**Information supplied:**
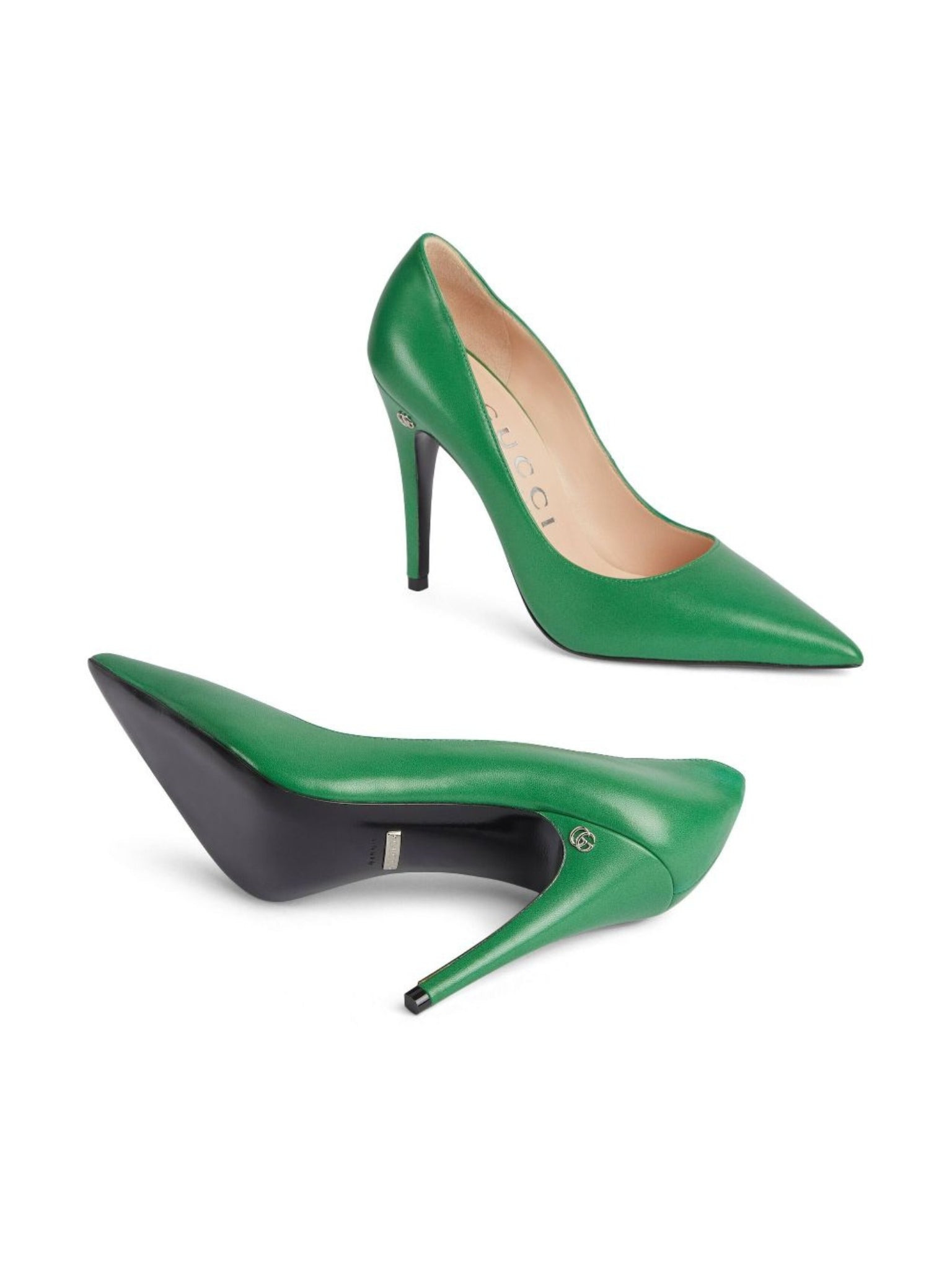 Pointed-toe 105mm Green Leather Pumps - 4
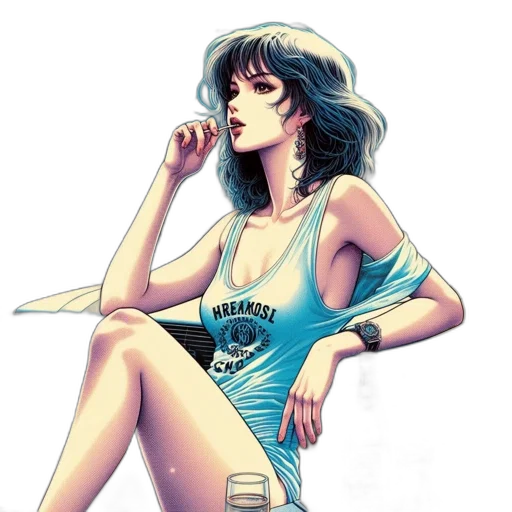 dress, weapon, comic book art, anime transparent PNG cut-out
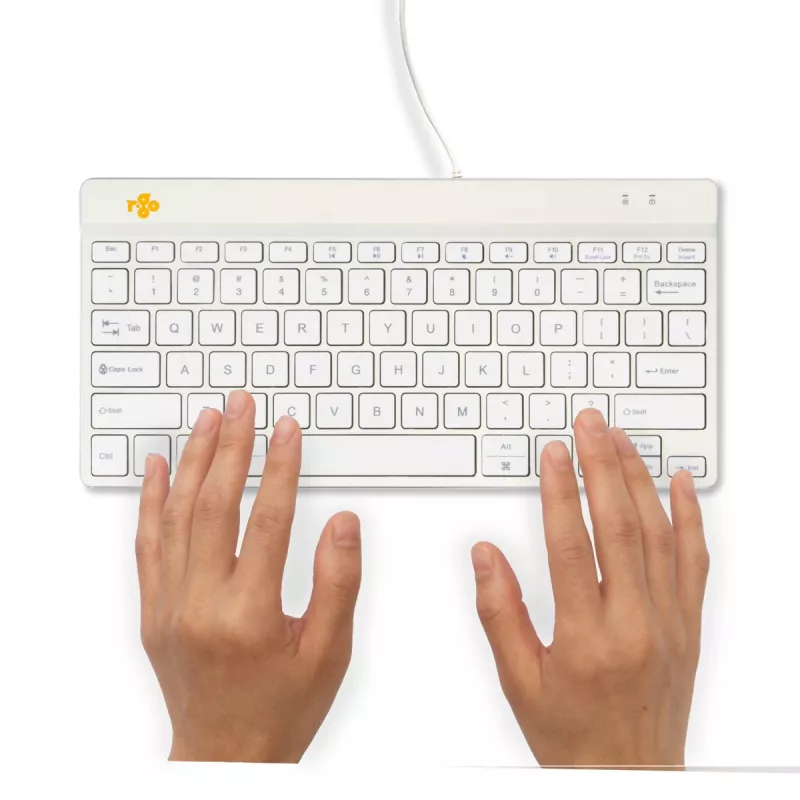 R-Go Tools ergonomisch toetsenbord R-Go Compact Break, compact toetsenbord met pauzesoftware, QWERTY (US), bedraad, wit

**Required action:** Write out the lines of the material from the one containing "dress, weapon, comic" through the last, exactly and only those. Leave every picture out.

**Solution:**
 dress, weapon, comic book art, anime transparent PNG cut-out
 R-Go Tools ergonomisch toetsenbord R-Go Compact Break, compact toetsenbord met pauzesoftware, QWERTY (US), bedraad, wit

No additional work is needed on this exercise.